[Data under study Boundary: Start]
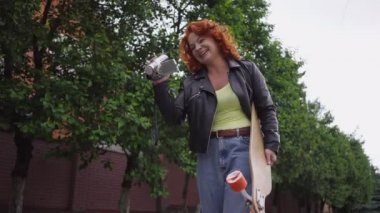 Confident redhead Caucasian retro woman walking with skateboard filming on vintage camera smiling. Tracking shot portrait beautiful fit lady strolling in town outdoors enjoying hobby. Slow motion.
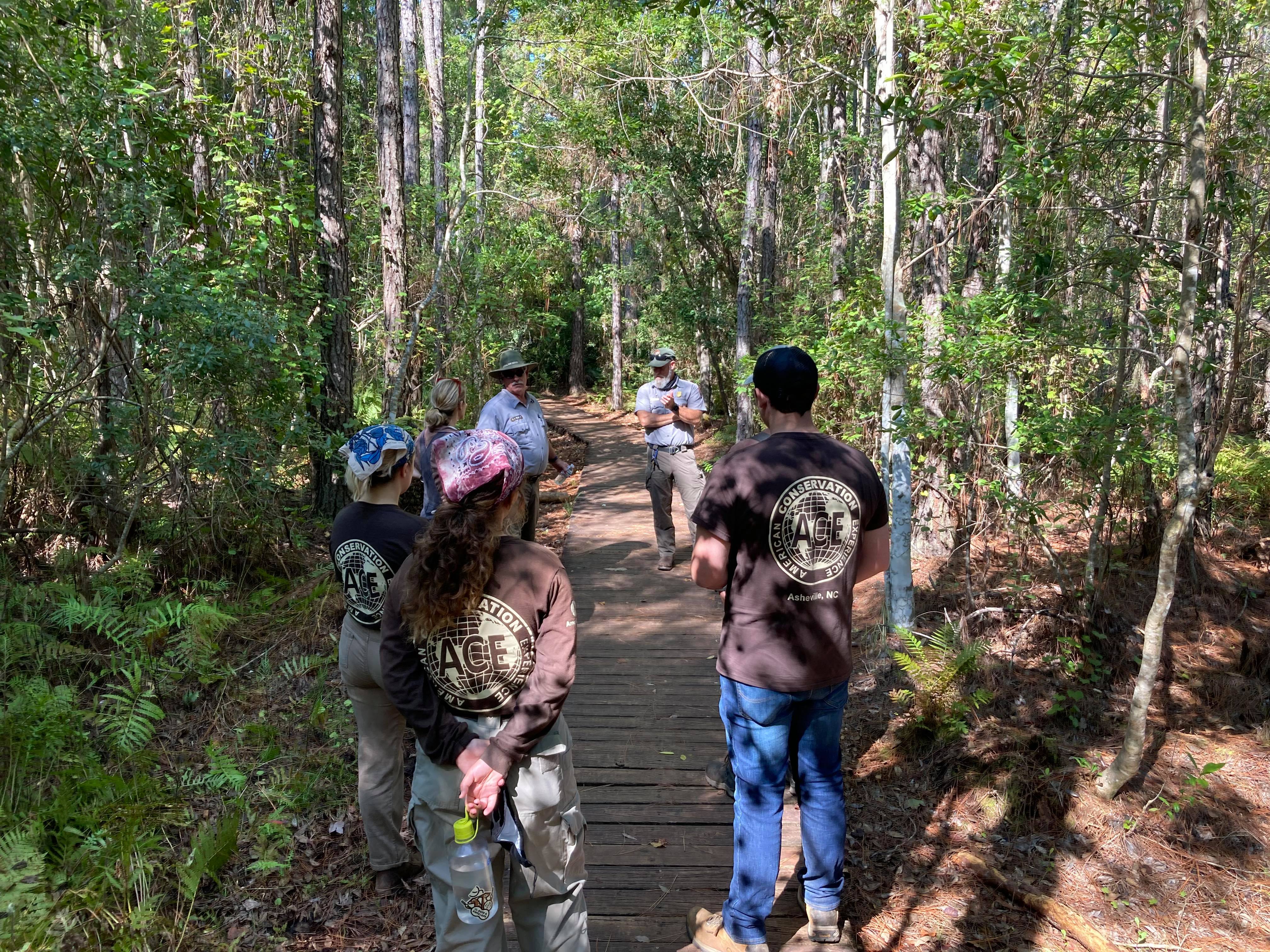 Rangers and ACE Meet on trail youth in brown ACE shirts talk to rangers on boardwalk in the woods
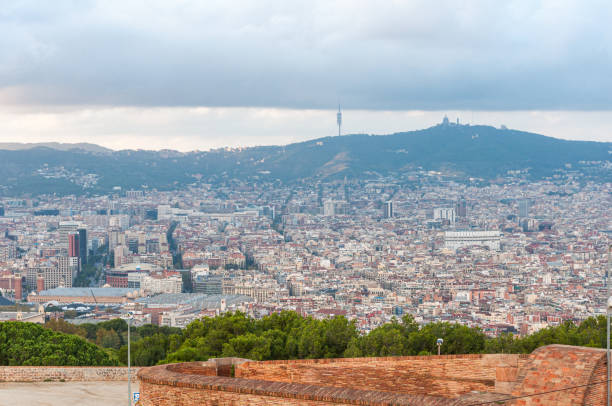 Barcelona, Spain - November 4, 2014: A panoramic view of the city from Montjuic Castle, showcasing the dense urban landscape and the distant hills.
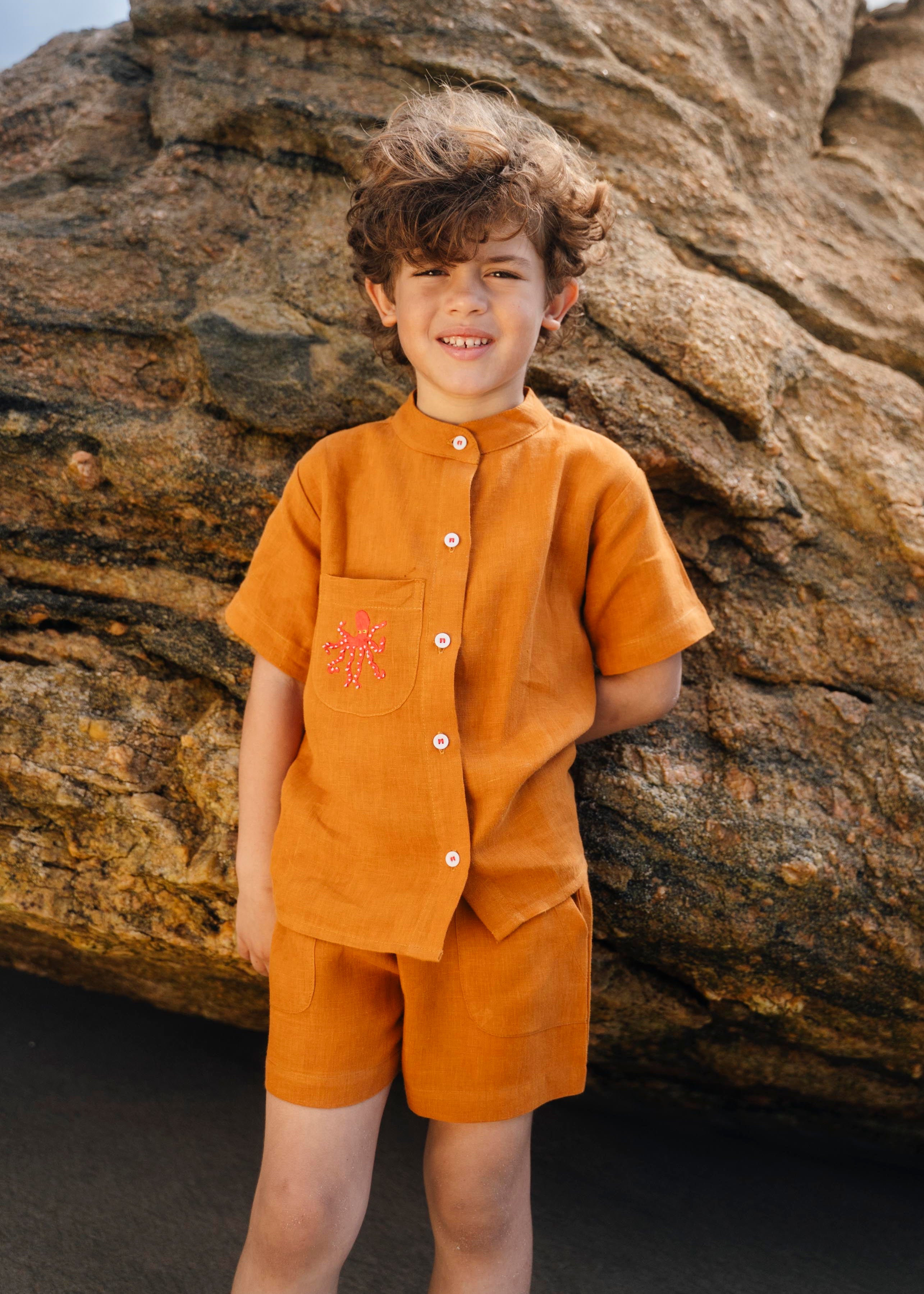 Menino usando camisa infantil em linho puro terracota com gola padre e polvo bordado à mão no bolso.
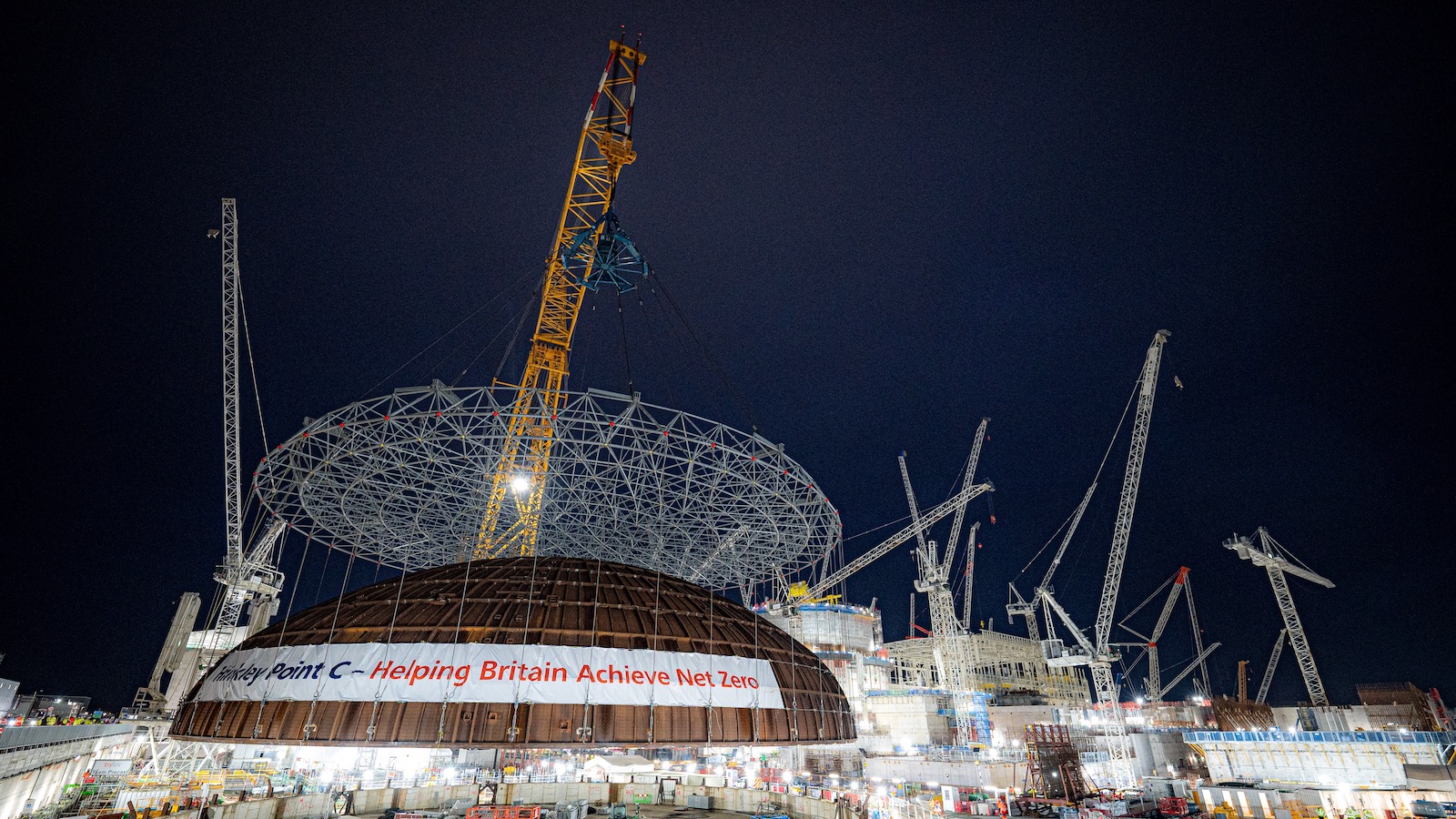 The world's largest crane - nicknamed Big Carl lifts a 245 ton steel dome onto a nuclear reactor under construction in Bridgwater, Somerset, England.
[Data under study Boundary: End]
[To do]
Output the lines above in full and exactly as given, omitting any pictures.

[Written solution]
 Confident redhead Caucasian retro woman walking with skateboard filming on vintage camera smiling. Tracking shot portrait beautiful fit lady strolling in town outdoors enjoying hobby. Slow motion.
 Rangers and ACE Meet on trail youth in brown ACE shirts talk to rangers on boardwalk in the woods
 Barcelona, Spain - November 4, 2014: A panoramic view of the city from Montjuic Castle, showcasing the dense urban landscape and the distant hills.
 Menino usando camisa infantil em linho puro terracota com gola padre e polvo bordado à mão no bolso.
 The world's largest crane - nicknamed Big Carl lifts a 245 ton steel dome onto a nuclear reactor under construction in Bridgwater, Somerset, England.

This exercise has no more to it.